Mi cuerpo amanece lleno de ilusiones, de impulsos ignotos, valientes y osados.
Siento hambre de monte, de amanecer, de aurora, de café negro en silencio, de mi tierra sanadora.
Llevo en mis cacharpas tantos sueños que temo quebrar la esperanza.
Entonces, sola, paso a paso, casi como una intrusa, me siento conquistadora.
Emprendo viaje, enciendo mi alma con un gozo que no sabe de abismos o alimañas con la confianza tan infantil y genuina que no conoce riesgos.
Ando en la llanura espesa de silencios, bordeando acantilados de dañinos recuerdos y si en algún segundo llego justo al abismo, una ráfaga inmunda me golpea y detiene.
Es miedo.
Un miedo salvador e instintivo que me obliga a aferrarme a la calma segura, al olvido apacible y es pausa en el rellano, un alto en el camino, un suspiro de alivio al ver lo recorrido por más que lejos quede la meta del destino.
Me siento un peregrino de un espacio sagrado buscando mil respuestas que nunca he encontrado.
Duermo entre los juncos y a media luz despierto con una luna llena y un montón de estrellas... sin nombres.
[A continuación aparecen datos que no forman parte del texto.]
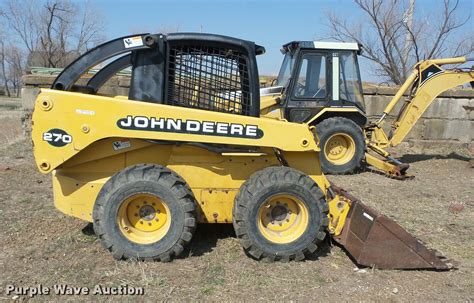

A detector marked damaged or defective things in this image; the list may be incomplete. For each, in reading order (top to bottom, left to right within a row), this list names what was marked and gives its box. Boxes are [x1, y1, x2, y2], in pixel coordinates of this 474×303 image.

rusty bucket attachment [332, 188, 454, 270] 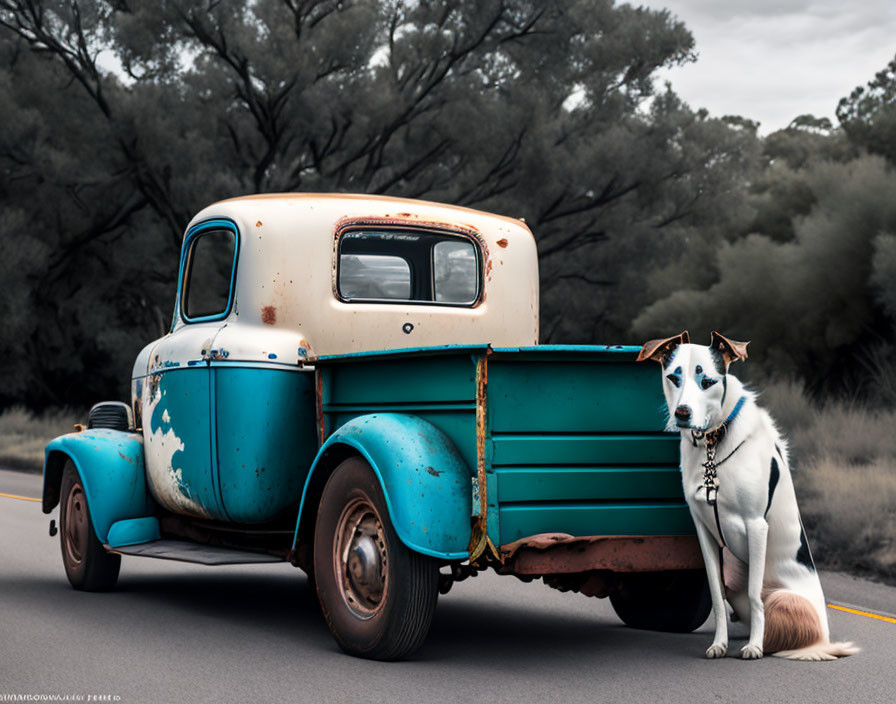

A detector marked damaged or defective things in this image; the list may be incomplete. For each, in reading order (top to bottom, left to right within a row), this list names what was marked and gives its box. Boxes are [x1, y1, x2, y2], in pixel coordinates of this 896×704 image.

rusty white cab roof [175, 195, 540, 366]
rusty wheel rim [63, 484, 89, 568]
rusty wheel rim [332, 498, 388, 620]
rusted tailgate edge [500, 536, 704, 576] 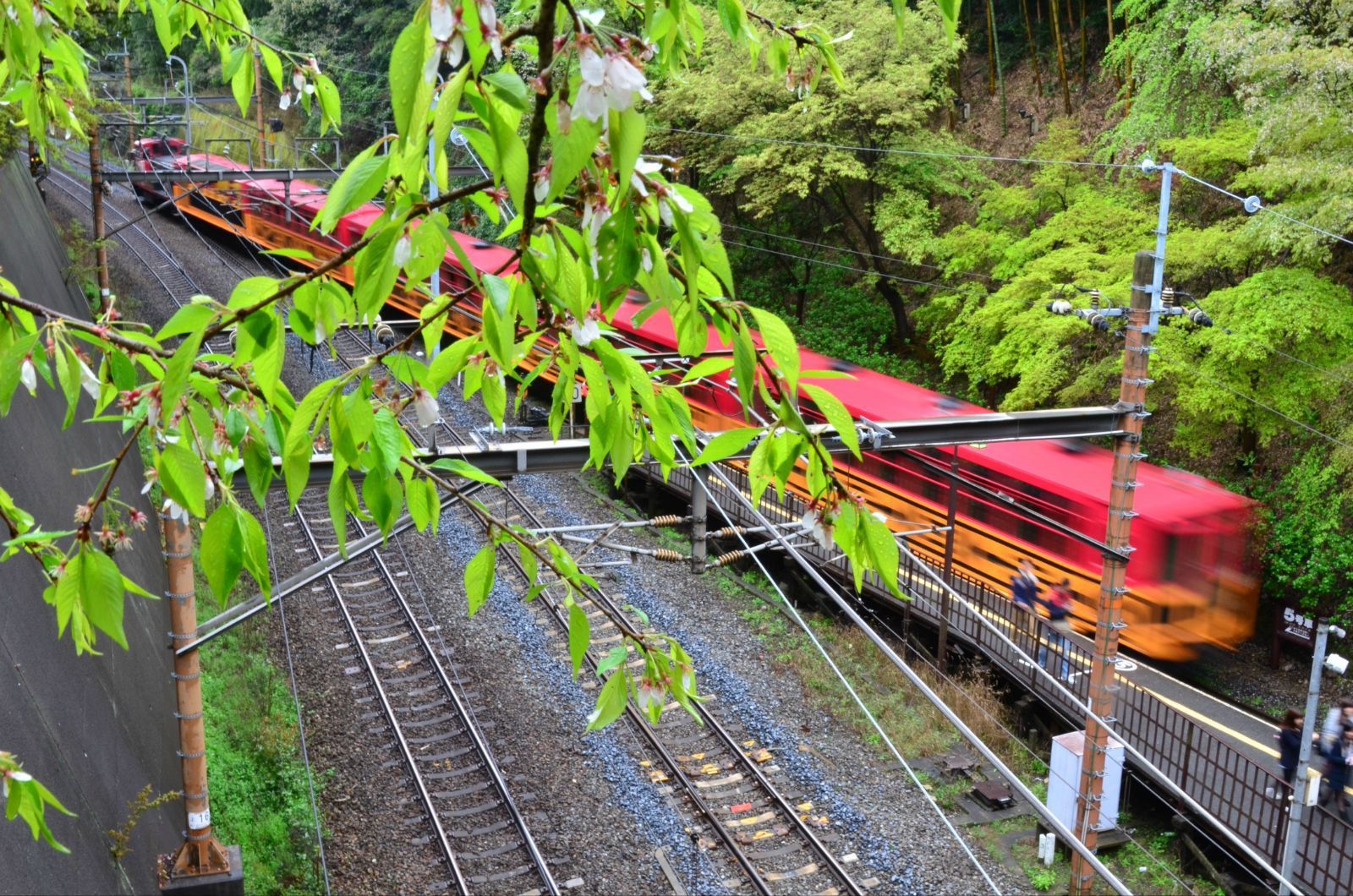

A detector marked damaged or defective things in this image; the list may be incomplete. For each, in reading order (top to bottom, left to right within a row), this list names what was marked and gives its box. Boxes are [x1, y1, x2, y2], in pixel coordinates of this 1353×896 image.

rusty metal pole [86, 125, 110, 315]
rusty metal pole [253, 46, 267, 169]
rusty metal pole [941, 449, 963, 674]
rusty metal pole [1065, 249, 1153, 896]
rusty metal pole [160, 511, 233, 882] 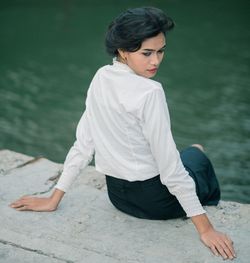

Nuevas, únicas, jamás vistas por el hombre, mías y es aquí que el camino deja en mí una huella imborrable.
Mañana trataré de hacer orilla río arriba y si mi cuerpo resiste esperaré la noche despierta para gozar en secreto la aparición de mi primera conquista. Ya nada se me hace imposible, estoy en mi ambiente rodeada de sauces y luciérnagas, confiada en que la ruta está hecha a la medida de mis pies cansados y la línea de llegada muta a la par que el color del cielo.